BEGIN
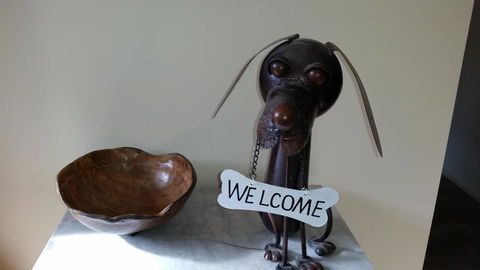 Bridgewater Dog'n'me...furkid And Family Friendly... - Accommodation Gold Coast 0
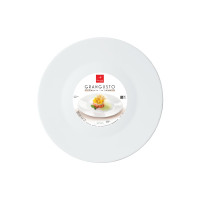 Piatti singoli: Grangusto piatto multiuso 33 cm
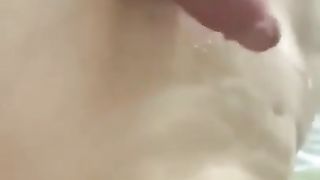 ENORMOUS BACKSIDE PLUS-SIZE TRANSSEXUAL pop-shot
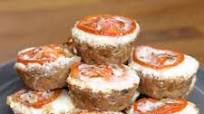 Breakfast Sausage Egg Cups Recipe by Tasty Breakfast Sausage Egg Cups Recipe by Tasty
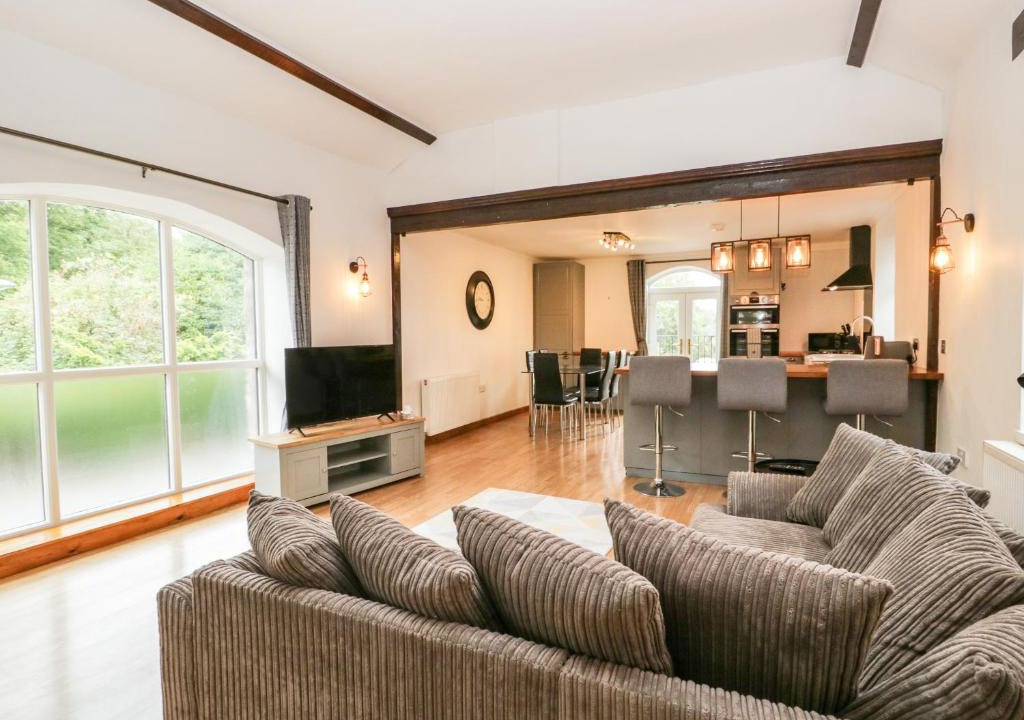 Arnside House | Coach House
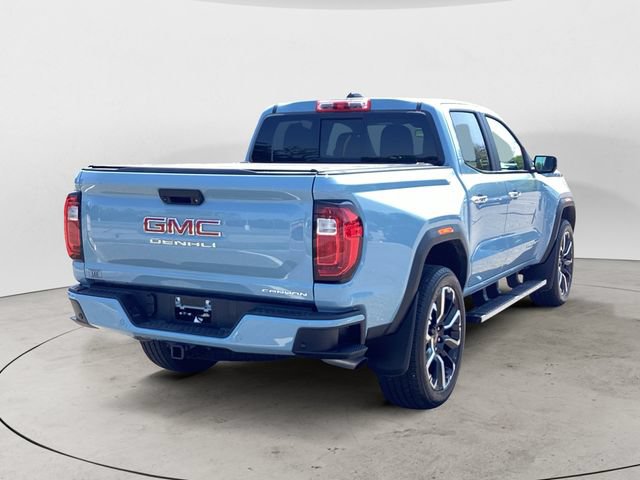 Used 2025 GMC Canyon Denali AWD/4WD image 5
END
WHAT THIS TASK INVOLVES: Beginning with the line that contains "Piatti singoli: Grangusto", write out the remaining lines of the listing above through the last, exactly and only those, without pictures.

SOLUTION TO THE PROBLEM:
 Piatti singoli: Grangusto piatto multiuso 33 cm
 ENORMOUS BACKSIDE PLUS-SIZE TRANSSEXUAL pop-shot
 Breakfast Sausage Egg Cups Recipe by Tasty Breakfast Sausage Egg Cups Recipe by Tasty
 Arnside House | Coach House
 Used 2025 GMC Canyon Denali AWD/4WD image 5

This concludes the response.